— Records provided —
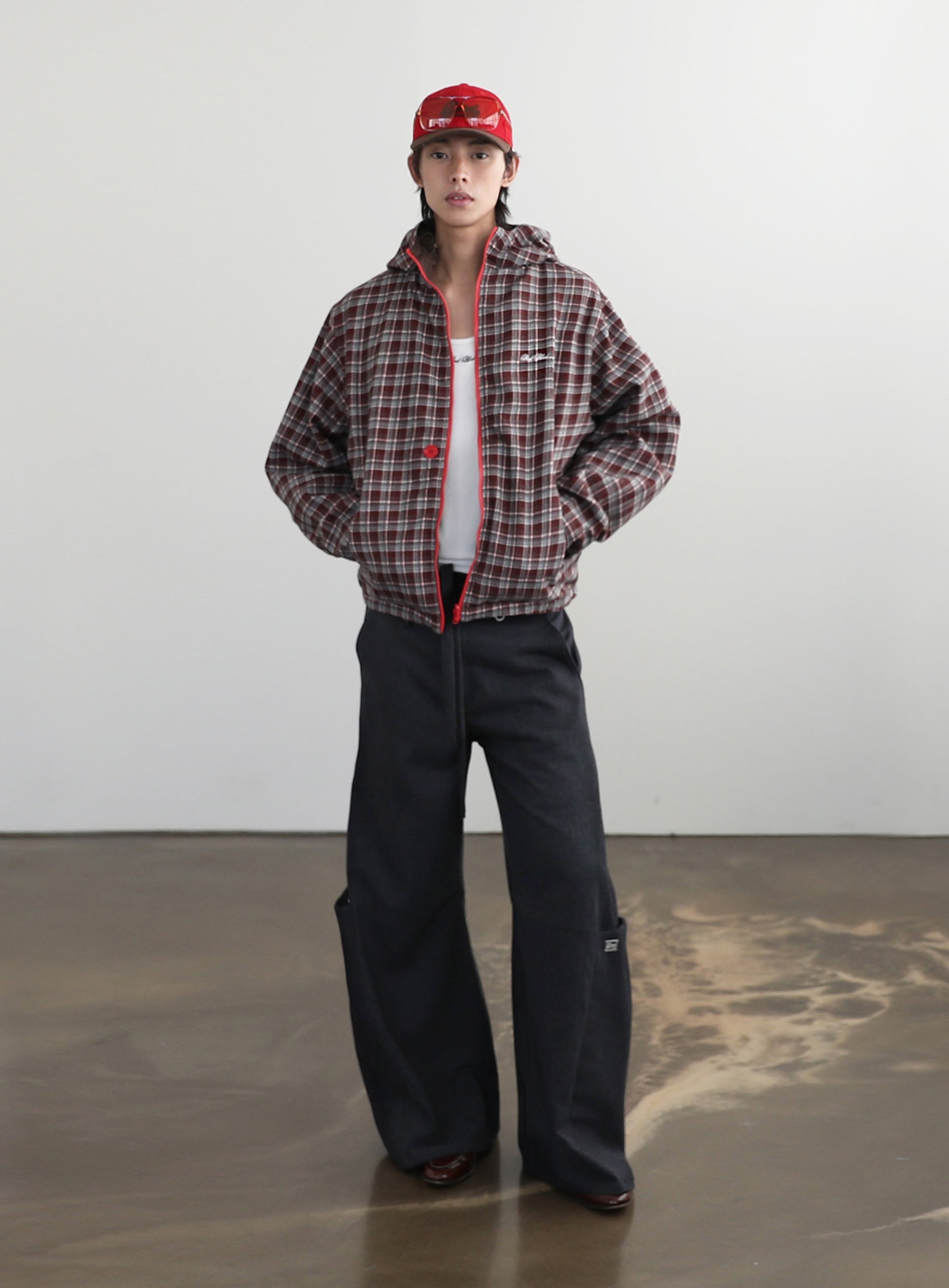 BADBLOOD Reversible Hoodie Windbreaker / Check Red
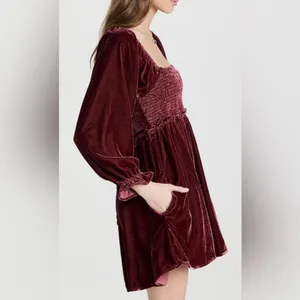 Free People Daphne Boho-Chic Velvet Whimsical Grunge Mini Dress Lace Back Sz S thumbnail 8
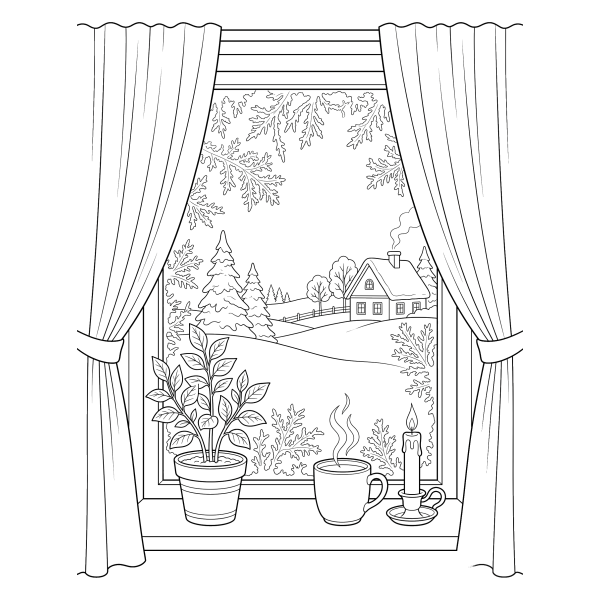 Coloriage Dessin Hiver Fenêtre à imprimer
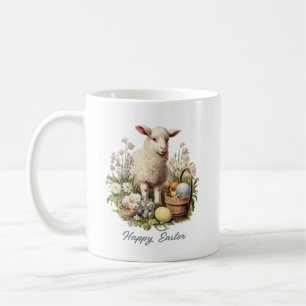 Osterlamm und bemalte Eier im Landhausstil Kaffeetasse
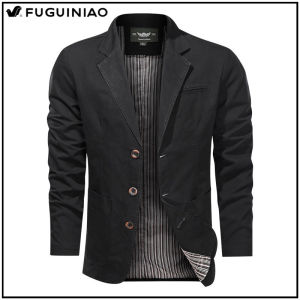 FUGUINAIO ผู้ชายถนนหรูหราสไตล์อเมริกันแจ็คเก็ต 3 ปุ่มสูทหลวมสบาย ๆ ปกบวกขนาดนวนิยายหลวม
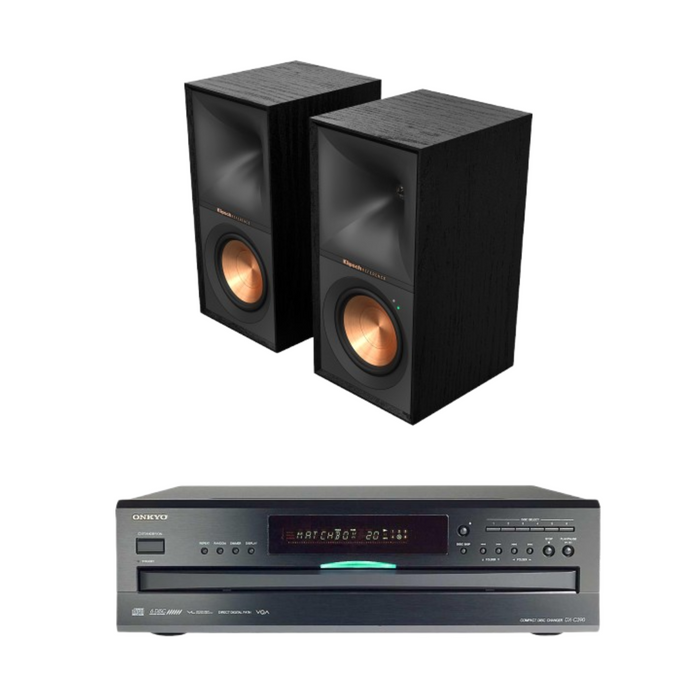 Klipsch R-50PM Powered Bookshelf Speaker (pair) and Onkyo DX-C390 6-Disc Carousel CD Changer CD Player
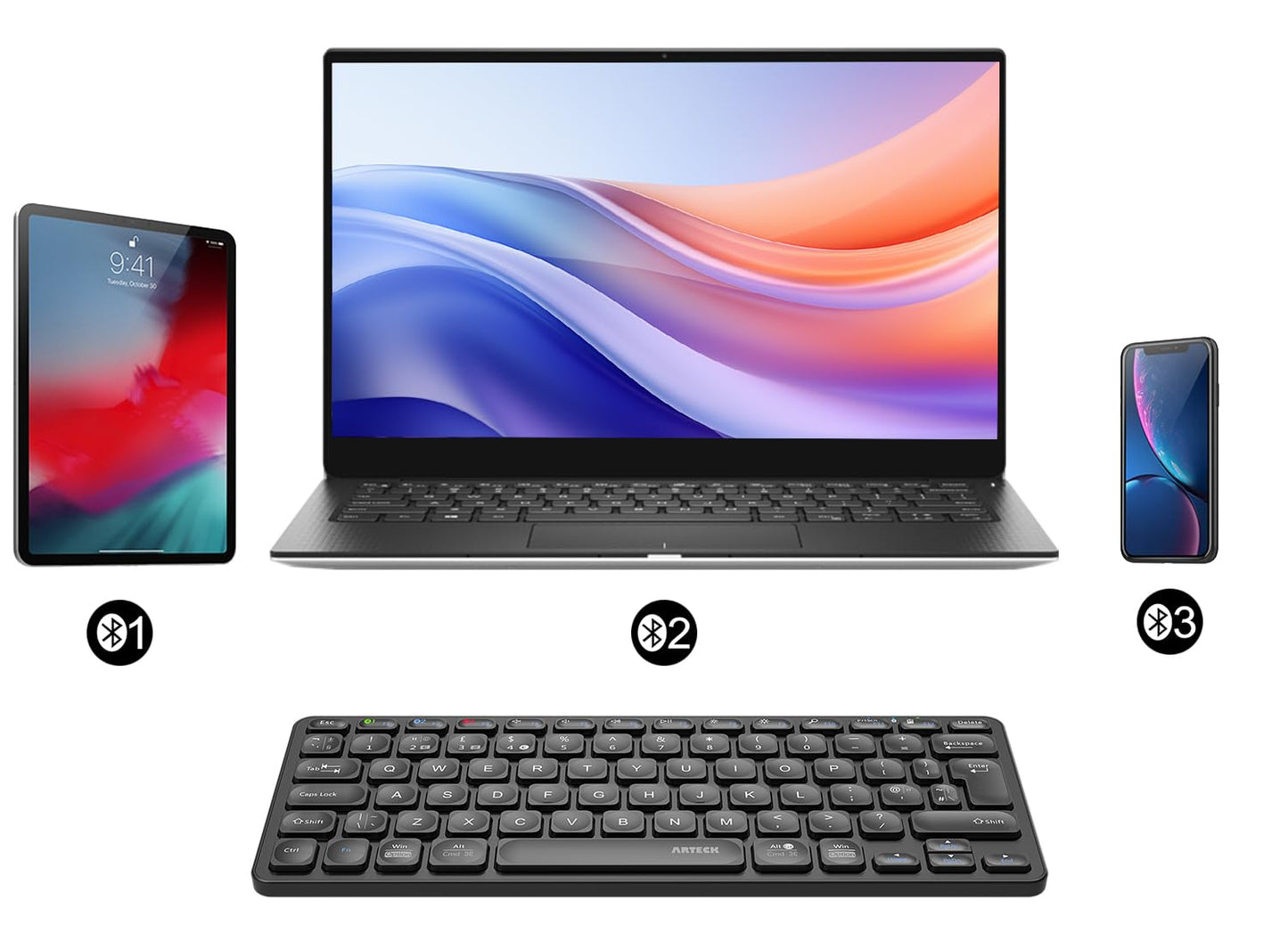 Arteck Universal Multi-Device Bluetooth Keyboard Ultra Slim and Compact Wireless Bluetooth Keyboard with Media Hotkeys for Windows iOS iPad OS Android Computer Desktop Laptop Surface Tablet Smartphone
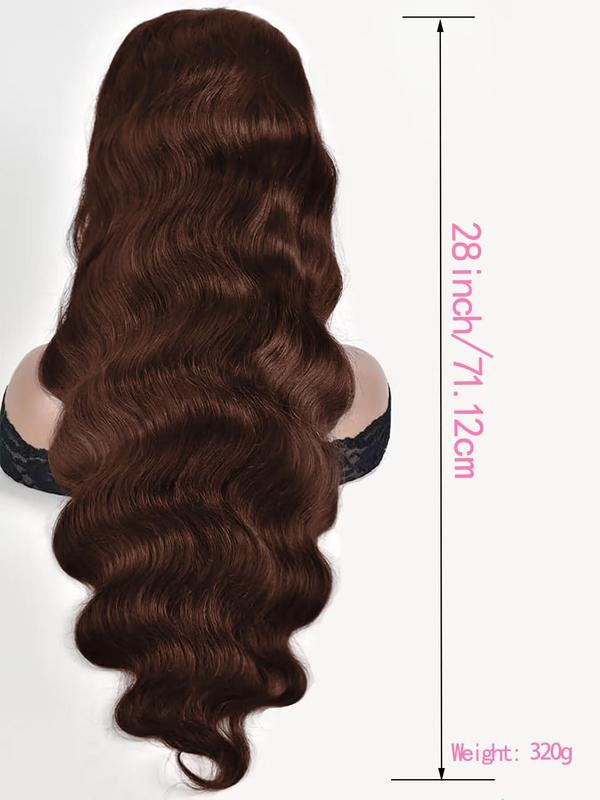 28 Inch Black Long Body Wavy Wigs for Women, Natural Looking Gorgeous Fluffy Wigs with Air Bangs, Synthetic Full Machine Wigs for Party Photography, Daily Use, Birthday Gifts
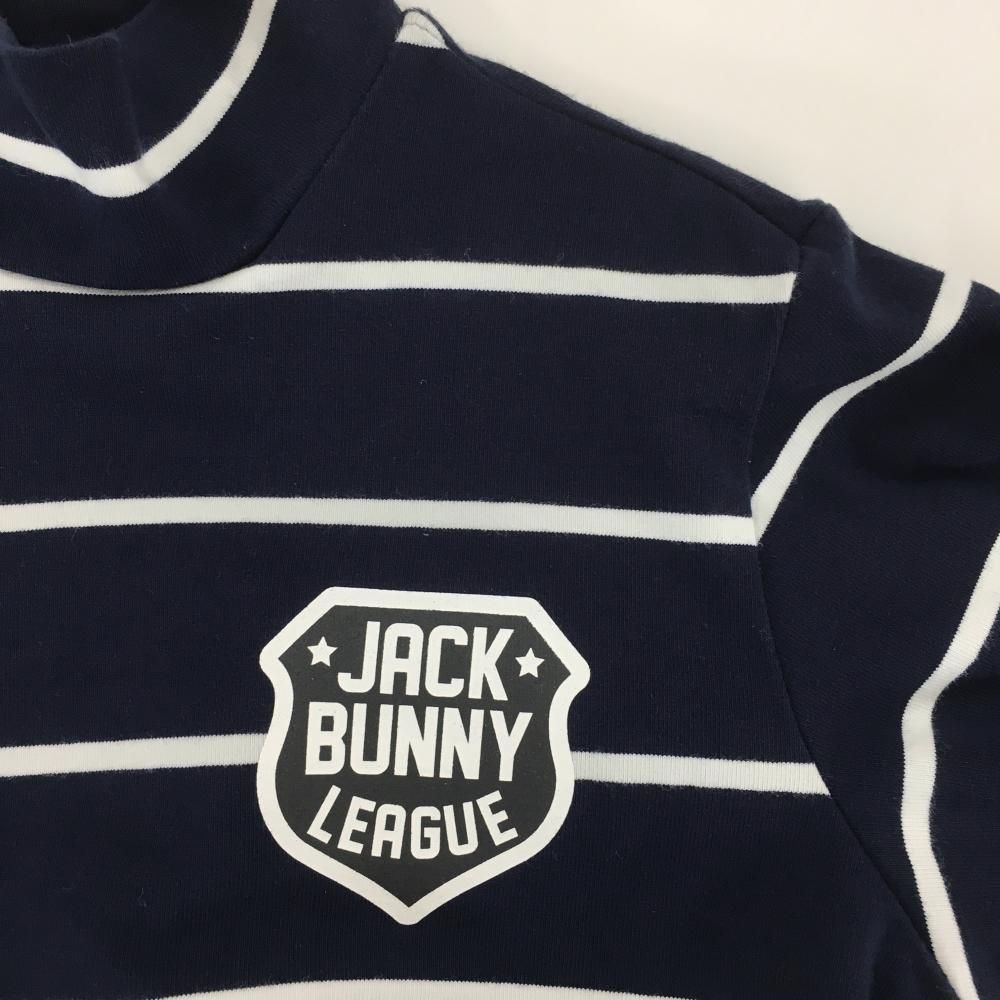 美品】ジャックバニー 長袖ハイネックシャツ ネイビー×白 ボーダー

— Exercise goal —
Copy all the data exactly as written, but skip any picture.

— Problem solution —
 BADBLOOD Reversible Hoodie Windbreaker / Check Red
 Free People Daphne Boho-Chic Velvet Whimsical Grunge Mini Dress Lace Back Sz S thumbnail 8
 Coloriage Dessin Hiver Fenêtre à imprimer
 Osterlamm und bemalte Eier im Landhausstil Kaffeetasse
 FUGUINAIO ผู้ชายถนนหรูหราสไตล์อเมริกันแจ็คเก็ต 3 ปุ่มสูทหลวมสบาย ๆ ปกบวกขนาดนวนิยายหลวม
 Klipsch R-50PM Powered Bookshelf Speaker (pair) and Onkyo DX-C390 6-Disc Carousel CD Changer CD Player
 Arteck Universal Multi-Device Bluetooth Keyboard Ultra Slim and Compact Wireless Bluetooth Keyboard with Media Hotkeys for Windows iOS iPad OS Android Computer Desktop Laptop Surface Tablet Smartphone
 28 Inch Black Long Body Wavy Wigs for Women, Natural Looking Gorgeous Fluffy Wigs with Air Bangs, Synthetic Full Machine Wigs for Party Photography, Daily Use, Birthday Gifts
 美品】ジャックバニー 長袖ハイネックシャツ ネイビー×白 ボーダー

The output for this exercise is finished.